確か、なぜか家庭科室に移動して、いよいよ発表が始まった。
1人目の発表を見た時に、衝撃だった。
「え?みんなの前に出て、家庭科室の机の上に立って、見ないで発表するの??」
ひえ〜〜〜〜💦
やれるの?あんなこと、やれるの??見るのが怖い。
私は自分の心臓が飛び出るんじゃないかってくらい緊張した。
もう、何かしていないとこの緊張はどうにもならないと思い、下の子をせっせと抱っこしてあやした。
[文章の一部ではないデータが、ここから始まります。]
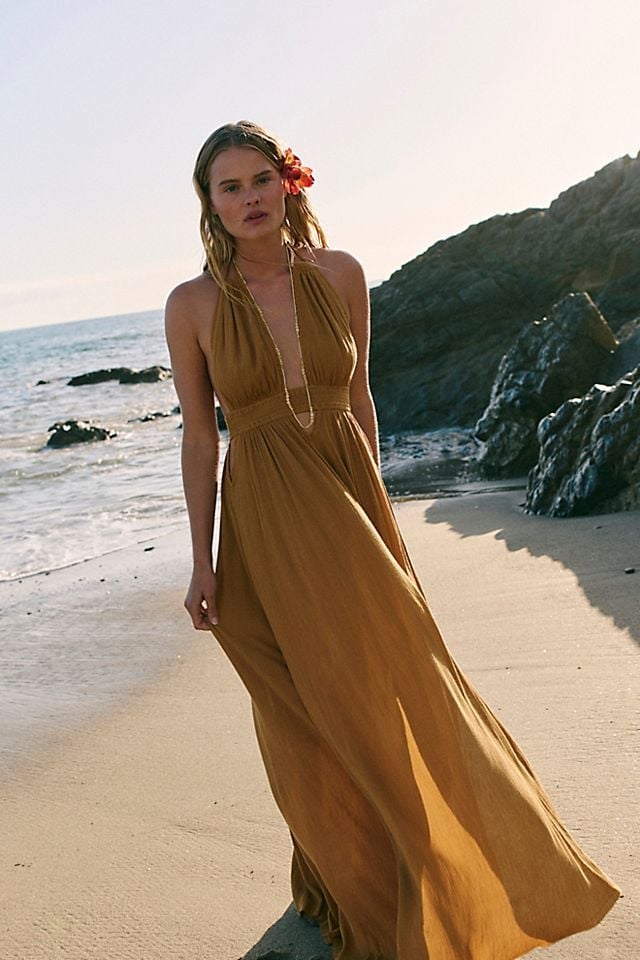 Ochre Halter Neck Flowy Maxi Dress Ochre Halter Neck Flowy Maxi Dress — Maxi Dresses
みんなご立派な夢を語って、どんどん順番が進む。4年生ともなると、本当に一人前なんだな〜と、久々に周りの子供の成長ぶりを見た。
さて、いよいよ息子の順番がきた。
もう、私の心臓は最高潮にバクバクしていた。
息子の夢の内容は全部は覚えていないけど、こんな感じだった。
「将来はパン屋さんになりたいです。僕はパンが大好きだからです。
美味しいパンを作って、みんなに美味しいパンを食べてもらいたいです。
みんなが喜んでくれたら僕も嬉しいです。
それから、お母さんにも美味しいパンを食べてもらいたいです。」
お辞儀をして、みんなに拍手をもらって降りていった。
ちゃんと、見ないで言えたし、発表ができたことに感動した🥺
内容も一生懸命考えたんだろうな〜ということがよく伝わってきた。
感動して、涙出た。
そして、あの時の発表した話の通り、今は美味しい野菜を作ってるよ!社員さんにもお裾分けするんだもんね。私も美味しい野菜もらって食べてるよ!ありがとう!
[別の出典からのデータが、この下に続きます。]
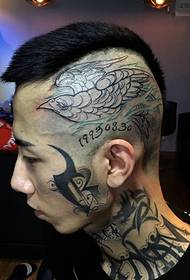 personeco knaboj havas personecon kapo totem tatuaje
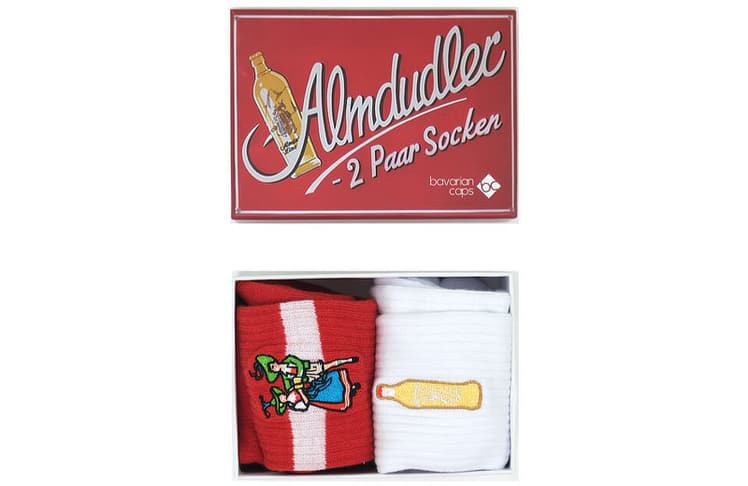 Gemeinsam mit Bavarian Caps hat Almdudler zudem eine Geschenkbox mit zwei Paar Socken aufgelegt.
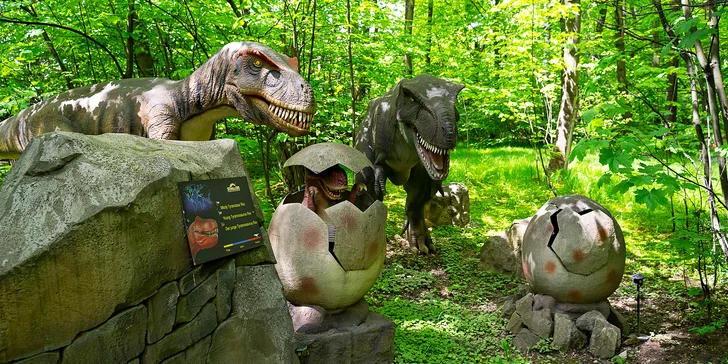 Největší atrakcí Zatorlandu je Park pohyblivých dinosaurů.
いい担任の先生と巡り合い、4年生の1年間は、この2分の1成人式を集大成に、本当に成長した息子を見ることができた。
息子が5年生になるときに、その担任の先生は、自分の奥さんの実家の県で、先生になることになり、退職された。
確か、単身赴任をしていて、それまでは、奥さんと息子さんとは離れて住んでいたようだ。きっと、息子さんのためを思って、決断したんだろうな、とすぐに思った。
いなくなるのはとっても惜しいと思ったが、自分の息子のように見てくれて、今でも本当に感謝している。